++++ Data under study

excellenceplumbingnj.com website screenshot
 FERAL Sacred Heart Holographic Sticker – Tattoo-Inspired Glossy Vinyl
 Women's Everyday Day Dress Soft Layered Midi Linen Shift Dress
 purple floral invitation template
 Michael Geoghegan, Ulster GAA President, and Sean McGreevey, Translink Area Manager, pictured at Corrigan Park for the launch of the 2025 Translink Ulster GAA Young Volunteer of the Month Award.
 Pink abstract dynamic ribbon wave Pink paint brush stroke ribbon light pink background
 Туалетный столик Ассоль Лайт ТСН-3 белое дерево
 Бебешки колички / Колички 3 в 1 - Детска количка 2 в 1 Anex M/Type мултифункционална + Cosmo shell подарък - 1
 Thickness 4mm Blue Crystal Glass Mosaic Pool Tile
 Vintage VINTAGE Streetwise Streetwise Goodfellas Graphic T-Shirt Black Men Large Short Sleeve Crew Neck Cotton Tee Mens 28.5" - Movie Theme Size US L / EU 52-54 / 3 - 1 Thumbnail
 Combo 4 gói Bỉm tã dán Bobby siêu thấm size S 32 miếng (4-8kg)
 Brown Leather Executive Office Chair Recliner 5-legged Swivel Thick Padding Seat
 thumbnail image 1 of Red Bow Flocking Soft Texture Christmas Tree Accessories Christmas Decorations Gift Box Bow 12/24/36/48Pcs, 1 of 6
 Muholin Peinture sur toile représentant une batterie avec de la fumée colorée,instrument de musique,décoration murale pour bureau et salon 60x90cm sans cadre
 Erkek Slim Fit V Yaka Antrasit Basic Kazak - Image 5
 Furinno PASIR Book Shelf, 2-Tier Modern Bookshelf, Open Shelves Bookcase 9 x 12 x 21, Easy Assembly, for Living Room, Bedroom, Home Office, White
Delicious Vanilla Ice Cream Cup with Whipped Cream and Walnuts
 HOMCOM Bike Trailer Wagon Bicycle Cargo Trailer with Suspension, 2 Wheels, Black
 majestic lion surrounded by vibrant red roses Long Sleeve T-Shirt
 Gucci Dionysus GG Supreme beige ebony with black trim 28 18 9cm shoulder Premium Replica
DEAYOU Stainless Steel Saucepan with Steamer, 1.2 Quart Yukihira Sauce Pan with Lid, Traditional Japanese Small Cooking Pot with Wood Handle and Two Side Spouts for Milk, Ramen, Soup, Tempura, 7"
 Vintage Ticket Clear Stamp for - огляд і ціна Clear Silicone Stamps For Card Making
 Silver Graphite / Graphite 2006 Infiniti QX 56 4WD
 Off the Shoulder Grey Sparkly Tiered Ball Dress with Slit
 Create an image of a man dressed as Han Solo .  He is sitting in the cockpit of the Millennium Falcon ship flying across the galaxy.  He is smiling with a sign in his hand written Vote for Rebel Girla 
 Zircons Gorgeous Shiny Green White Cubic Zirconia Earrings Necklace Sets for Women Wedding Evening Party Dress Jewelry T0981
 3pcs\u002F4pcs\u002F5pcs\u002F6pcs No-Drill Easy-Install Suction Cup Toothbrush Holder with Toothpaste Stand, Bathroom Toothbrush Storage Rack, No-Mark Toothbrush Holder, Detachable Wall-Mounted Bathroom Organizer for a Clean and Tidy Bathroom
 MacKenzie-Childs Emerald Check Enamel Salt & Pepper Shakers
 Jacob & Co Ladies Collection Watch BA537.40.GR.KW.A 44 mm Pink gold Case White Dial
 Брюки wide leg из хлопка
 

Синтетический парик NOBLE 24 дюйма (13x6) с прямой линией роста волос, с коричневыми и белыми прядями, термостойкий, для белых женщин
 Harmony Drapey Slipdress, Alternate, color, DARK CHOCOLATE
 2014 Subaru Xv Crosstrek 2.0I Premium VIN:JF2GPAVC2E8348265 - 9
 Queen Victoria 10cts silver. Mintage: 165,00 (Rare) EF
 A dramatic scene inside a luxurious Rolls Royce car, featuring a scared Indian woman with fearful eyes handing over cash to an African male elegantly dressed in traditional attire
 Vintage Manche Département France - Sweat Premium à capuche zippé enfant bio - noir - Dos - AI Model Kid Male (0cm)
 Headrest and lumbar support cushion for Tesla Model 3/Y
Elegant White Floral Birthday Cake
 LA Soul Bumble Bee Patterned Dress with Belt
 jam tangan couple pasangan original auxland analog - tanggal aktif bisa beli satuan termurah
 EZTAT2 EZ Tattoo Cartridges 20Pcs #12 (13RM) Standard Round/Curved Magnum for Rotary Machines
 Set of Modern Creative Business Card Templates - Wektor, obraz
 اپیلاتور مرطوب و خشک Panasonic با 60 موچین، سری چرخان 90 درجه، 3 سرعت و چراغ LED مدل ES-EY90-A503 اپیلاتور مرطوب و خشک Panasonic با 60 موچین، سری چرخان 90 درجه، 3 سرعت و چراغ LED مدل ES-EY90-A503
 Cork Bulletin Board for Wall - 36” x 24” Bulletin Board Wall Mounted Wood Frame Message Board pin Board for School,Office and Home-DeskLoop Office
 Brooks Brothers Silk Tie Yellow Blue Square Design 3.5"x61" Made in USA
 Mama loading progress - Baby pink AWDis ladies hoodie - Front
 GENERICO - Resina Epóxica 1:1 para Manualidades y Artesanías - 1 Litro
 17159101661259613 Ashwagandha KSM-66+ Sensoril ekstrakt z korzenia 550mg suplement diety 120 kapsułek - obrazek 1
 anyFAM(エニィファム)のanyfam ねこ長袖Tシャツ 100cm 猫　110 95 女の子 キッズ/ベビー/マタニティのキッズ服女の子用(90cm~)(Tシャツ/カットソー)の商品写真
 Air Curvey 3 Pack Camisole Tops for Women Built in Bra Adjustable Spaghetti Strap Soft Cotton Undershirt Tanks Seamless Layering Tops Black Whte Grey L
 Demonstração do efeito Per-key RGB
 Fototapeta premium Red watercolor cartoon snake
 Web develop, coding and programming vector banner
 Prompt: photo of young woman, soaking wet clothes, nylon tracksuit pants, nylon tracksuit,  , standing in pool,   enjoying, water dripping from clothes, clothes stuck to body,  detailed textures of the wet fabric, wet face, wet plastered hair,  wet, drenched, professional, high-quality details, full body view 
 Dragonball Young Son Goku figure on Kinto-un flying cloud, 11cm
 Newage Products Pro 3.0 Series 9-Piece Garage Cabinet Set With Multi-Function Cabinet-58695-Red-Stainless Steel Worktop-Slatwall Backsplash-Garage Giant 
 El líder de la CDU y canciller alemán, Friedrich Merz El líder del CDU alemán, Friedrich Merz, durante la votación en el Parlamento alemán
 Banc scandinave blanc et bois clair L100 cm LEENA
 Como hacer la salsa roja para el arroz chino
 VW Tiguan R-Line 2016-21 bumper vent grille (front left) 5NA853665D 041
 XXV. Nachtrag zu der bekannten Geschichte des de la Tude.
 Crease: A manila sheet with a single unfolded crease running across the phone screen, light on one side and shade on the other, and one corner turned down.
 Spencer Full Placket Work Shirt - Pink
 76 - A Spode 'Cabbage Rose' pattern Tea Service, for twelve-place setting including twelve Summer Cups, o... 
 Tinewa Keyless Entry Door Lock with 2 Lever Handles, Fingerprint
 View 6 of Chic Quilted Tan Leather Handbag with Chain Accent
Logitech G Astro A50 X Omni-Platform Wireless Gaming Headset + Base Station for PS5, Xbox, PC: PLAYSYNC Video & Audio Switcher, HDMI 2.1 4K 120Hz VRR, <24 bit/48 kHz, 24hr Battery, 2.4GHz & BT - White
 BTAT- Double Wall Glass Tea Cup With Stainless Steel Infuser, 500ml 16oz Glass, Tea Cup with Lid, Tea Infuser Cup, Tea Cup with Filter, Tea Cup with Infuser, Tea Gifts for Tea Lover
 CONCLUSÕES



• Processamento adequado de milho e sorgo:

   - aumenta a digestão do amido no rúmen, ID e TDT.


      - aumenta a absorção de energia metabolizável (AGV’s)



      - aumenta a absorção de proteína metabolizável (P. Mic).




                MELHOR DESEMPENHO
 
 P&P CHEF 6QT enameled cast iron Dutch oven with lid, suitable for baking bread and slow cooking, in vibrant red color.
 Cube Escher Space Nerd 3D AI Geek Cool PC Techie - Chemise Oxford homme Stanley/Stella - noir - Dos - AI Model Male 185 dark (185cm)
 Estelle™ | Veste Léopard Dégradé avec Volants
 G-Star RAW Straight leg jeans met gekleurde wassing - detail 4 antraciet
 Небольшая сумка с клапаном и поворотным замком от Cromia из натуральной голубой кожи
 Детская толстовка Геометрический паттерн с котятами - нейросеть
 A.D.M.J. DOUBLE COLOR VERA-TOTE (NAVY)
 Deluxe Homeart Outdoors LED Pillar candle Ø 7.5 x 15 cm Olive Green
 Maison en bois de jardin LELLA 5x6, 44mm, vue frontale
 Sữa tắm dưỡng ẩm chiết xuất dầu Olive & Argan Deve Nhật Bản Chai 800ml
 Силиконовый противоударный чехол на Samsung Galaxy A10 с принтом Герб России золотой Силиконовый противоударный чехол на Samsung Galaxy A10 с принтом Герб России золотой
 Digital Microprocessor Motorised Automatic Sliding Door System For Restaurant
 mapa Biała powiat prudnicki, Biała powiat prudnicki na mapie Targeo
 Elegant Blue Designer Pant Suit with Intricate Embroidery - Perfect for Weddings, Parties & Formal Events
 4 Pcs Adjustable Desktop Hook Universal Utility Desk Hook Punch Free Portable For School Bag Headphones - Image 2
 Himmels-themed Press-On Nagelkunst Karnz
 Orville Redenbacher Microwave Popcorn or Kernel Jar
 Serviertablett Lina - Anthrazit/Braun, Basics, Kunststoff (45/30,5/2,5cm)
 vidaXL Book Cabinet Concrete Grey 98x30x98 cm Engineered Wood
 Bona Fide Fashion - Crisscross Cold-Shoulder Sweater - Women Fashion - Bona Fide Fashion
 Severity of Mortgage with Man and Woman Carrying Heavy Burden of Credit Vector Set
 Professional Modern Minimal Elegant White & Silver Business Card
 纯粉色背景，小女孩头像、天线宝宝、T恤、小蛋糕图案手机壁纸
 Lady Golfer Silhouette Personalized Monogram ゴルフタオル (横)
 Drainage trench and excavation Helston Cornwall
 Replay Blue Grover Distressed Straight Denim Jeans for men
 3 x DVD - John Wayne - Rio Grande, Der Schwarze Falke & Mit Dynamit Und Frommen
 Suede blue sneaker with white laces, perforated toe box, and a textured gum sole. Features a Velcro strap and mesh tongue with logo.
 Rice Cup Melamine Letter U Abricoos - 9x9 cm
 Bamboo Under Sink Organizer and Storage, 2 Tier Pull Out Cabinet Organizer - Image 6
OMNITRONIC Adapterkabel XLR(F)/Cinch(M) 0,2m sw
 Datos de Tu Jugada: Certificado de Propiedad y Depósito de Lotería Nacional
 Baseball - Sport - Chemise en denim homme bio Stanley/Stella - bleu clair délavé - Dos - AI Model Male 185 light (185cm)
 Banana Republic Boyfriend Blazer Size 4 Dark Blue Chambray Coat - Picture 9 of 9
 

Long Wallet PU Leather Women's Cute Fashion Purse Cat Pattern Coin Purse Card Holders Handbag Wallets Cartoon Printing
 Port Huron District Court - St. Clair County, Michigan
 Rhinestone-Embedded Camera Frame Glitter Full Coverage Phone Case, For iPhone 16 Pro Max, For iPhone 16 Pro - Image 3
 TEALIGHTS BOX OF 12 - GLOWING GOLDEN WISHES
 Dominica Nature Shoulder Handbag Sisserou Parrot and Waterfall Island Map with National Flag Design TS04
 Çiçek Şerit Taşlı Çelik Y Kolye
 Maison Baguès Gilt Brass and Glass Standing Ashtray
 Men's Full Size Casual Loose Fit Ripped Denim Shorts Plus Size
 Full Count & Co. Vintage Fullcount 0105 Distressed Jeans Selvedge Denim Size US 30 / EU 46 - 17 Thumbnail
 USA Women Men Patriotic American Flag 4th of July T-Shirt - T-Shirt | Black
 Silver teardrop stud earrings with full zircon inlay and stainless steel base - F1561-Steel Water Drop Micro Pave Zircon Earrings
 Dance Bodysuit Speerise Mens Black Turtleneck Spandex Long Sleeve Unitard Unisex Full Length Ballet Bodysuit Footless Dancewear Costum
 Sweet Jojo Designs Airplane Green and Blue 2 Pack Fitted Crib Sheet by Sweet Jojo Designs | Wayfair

++++++++

§ Exercise directions
For this exercise, repeat exactly the lines of the data above from the one with "El líder de la" down to the one with "Небольшая сумка с", both end lines included.

§ Response to this task
 El líder de la CDU y canciller alemán, Friedrich Merz El líder del CDU alemán, Friedrich Merz, durante la votación en el Parlamento alemán
 Banc scandinave blanc et bois clair L100 cm LEENA
 Como hacer la salsa roja para el arroz chino
 VW Tiguan R-Line 2016-21 bumper vent grille (front left) 5NA853665D 041
 XXV. Nachtrag zu der bekannten Geschichte des de la Tude.
 Crease: A manila sheet with a single unfolded crease running across the phone screen, light on one side and shade on the other, and one corner turned down.
 Spencer Full Placket Work Shirt - Pink
 76 - A Spode 'Cabbage Rose' pattern Tea Service, for twelve-place setting including twelve Summer Cups, o... 
 Tinewa Keyless Entry Door Lock with 2 Lever Handles, Fingerprint
 View 6 of Chic Quilted Tan Leather Handbag with Chain Accent
Logitech G Astro A50 X Omni-Platform Wireless Gaming Headset + Base Station for PS5, Xbox, PC: PLAYSYNC Video & Audio Switcher, HDMI 2.1 4K 120Hz VRR, <24 bit/48 kHz, 24hr Battery, 2.4GHz & BT - White
 BTAT- Double Wall Glass Tea Cup With Stainless Steel Infuser, 500ml 16oz Glass, Tea Cup with Lid, Tea Infuser Cup, Tea Cup with Filter, Tea Cup with Infuser, Tea Gifts for Tea Lover
 CONCLUSÕES



• Processamento adequado de milho e sorgo:

   - aumenta a digestão do amido no rúmen, ID e TDT.


      - aumenta a absorção de energia metabolizável (AGV’s)



      - aumenta a absorção de proteína metabolizável (P. Mic).




                MELHOR DESEMPENHO
 
 P&P CHEF 6QT enameled cast iron Dutch oven with lid, suitable for baking bread and slow cooking, in vibrant red color.
 Cube Escher Space Nerd 3D AI Geek Cool PC Techie - Chemise Oxford homme Stanley/Stella - noir - Dos - AI Model Male 185 dark (185cm)
 Estelle™ | Veste Léopard Dégradé avec Volants
 G-Star RAW Straight leg jeans met gekleurde wassing - detail 4 antraciet
 Небольшая сумка с клапаном и поворотным замком от Cromia из натуральной голубой кожи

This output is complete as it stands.